Exercise details: Transcribe everything in the listing below exactly, except the pictures.

Available data:
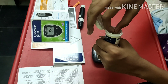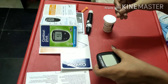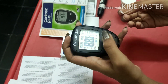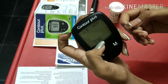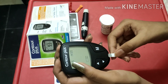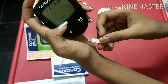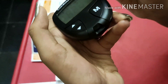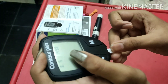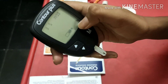Now take one glucose test strip and turn on the machine. You can see it is asking you to insert the glucose test strip. Insert it like this — there is a hole here where you insert the strip. It then asks you to give blood.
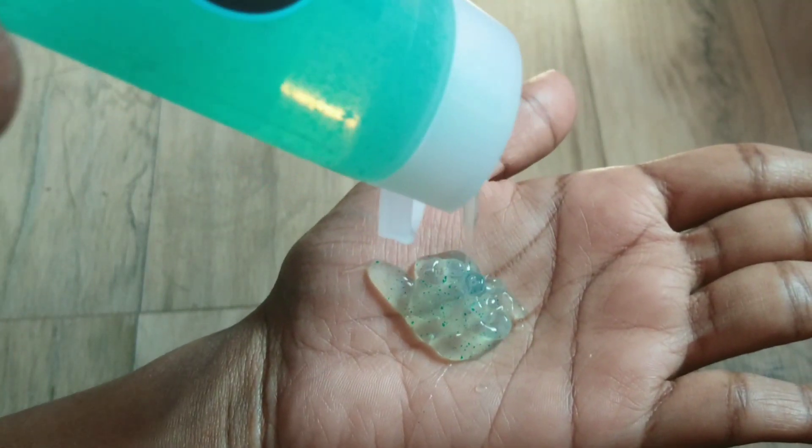The face wash is green color, gel type consistency, with silica beads.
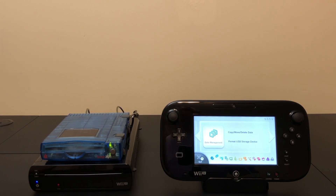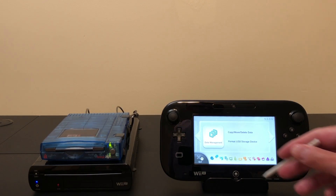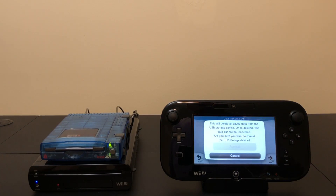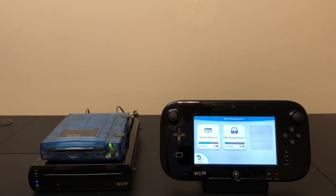So let's put in a Zip Disc and see if we can format it. I'm already in the settings area for data management. It recognized the drive — that's good. And there it is with 78 megabytes available. The formatting by the Wii U's proprietary encrypted file system gobbles up quite a bit — much larger than formatting in FAT32 or HFS Plus. We lost 22 megabytes, which is 22 percent of the disc.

Task output:
Now take one glucose test strip and turn on the machine. You can see it is asking you to insert the glucose test strip. Insert it like this — there is a hole here where you insert the strip. It then asks you to give blood.
The face wash is green color, gel type consistency, with silica beads.
So let's put in a Zip Disc and see if we can format it. I'm already in the settings area for data management. It recognized the drive — that's good. And there it is with 78 megabytes available. The formatting by the Wii U's proprietary encrypted file system gobbles up quite a bit — much larger than formatting in FAT32 or HFS Plus. We lost 22 megabytes, which is 22 percent of the disc.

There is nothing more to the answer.